- Born: 9 February 1984 (age 42) Ust-Kamenogorsk, Kazakh SSR, Soviet Union
- Height: 6 ft 1 in (185 cm)
- Weight: 183 lb (83 kg; 13 st 1 lb)
- Position: Defence
- Shot: Left
- KHL team Former teams: Free Agent Lada Togliatti Atlant Moscow Oblast Lokomotiv Yaroslavl Barys Nur-Sultan
- National team: Kazakhstan
- NHL draft: 220th overall, 2004 Toronto Maple Leafs
- Playing career: 2003–2020

= Maxim Semyonov =

Kazakhstani ice hockey player

Maxim Petrovich Semyonov (Максим Петрович Семёнов; born 9 February 1984) is a Kazakhstani professional ice hockey defenceman who is currently an unrestricted free agent.

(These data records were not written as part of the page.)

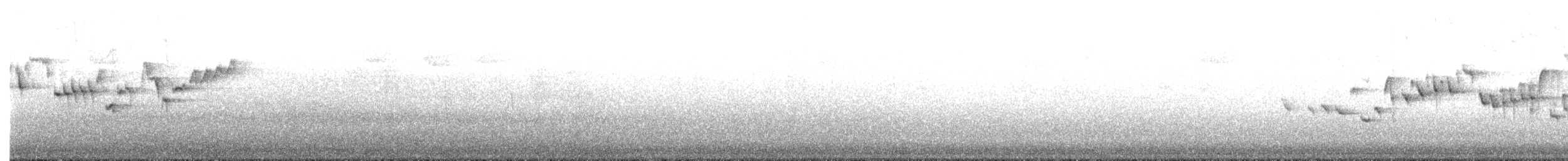 Winter Wren - ML645297273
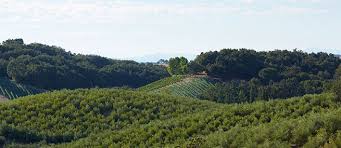 Pasolivo Paso Robles California San Luis Obispo County Paso Robles California Olive Oil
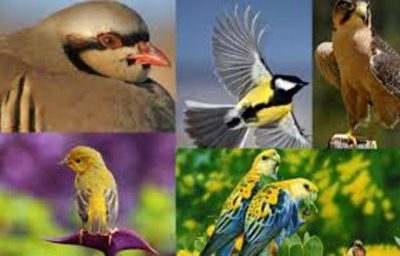 International Migratory Birds Day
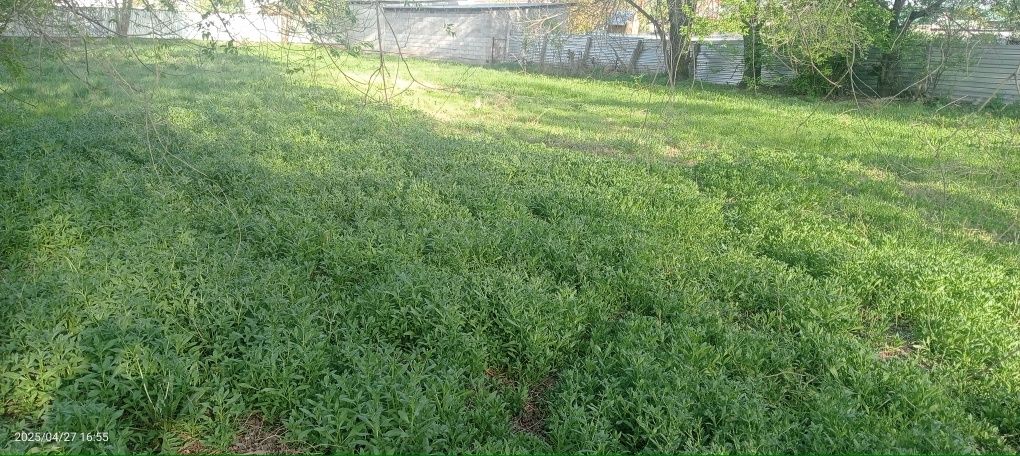 Земля Жанакурлусе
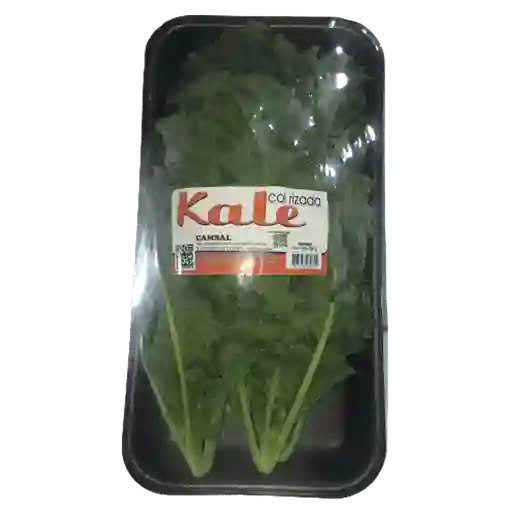 Kale Gourmet Bandeja 200 G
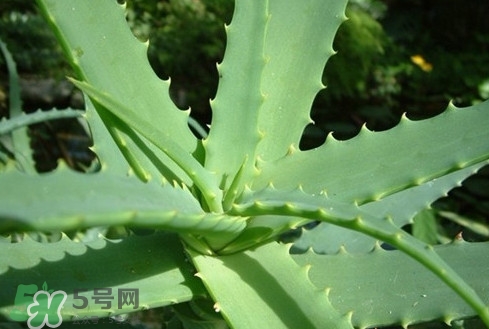 多肉植物能吃嗎？多肉植物哪些可以吃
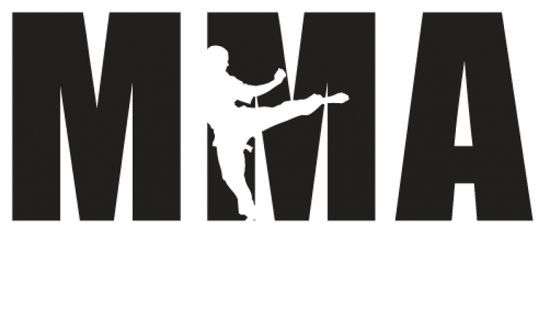 Боец ММА напал на судью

He most recently played for Barys Nur-Sultan in the KHL. He participated at the 2010 IIHF World Championship as a member of the Kazakhstan men's national ice hockey team.

== Playing career ==
Maxim Semyonov is a Kazakhstan native who got his start in big hockey as a 19-year-old skating for Lada Togliatti of the Russian Superleague during the 2003–04 season. The young player stuck in the lineup and was drafted by the Toronto Maple Leafs with the 220th overall selection of the 2004 NHL entry draft.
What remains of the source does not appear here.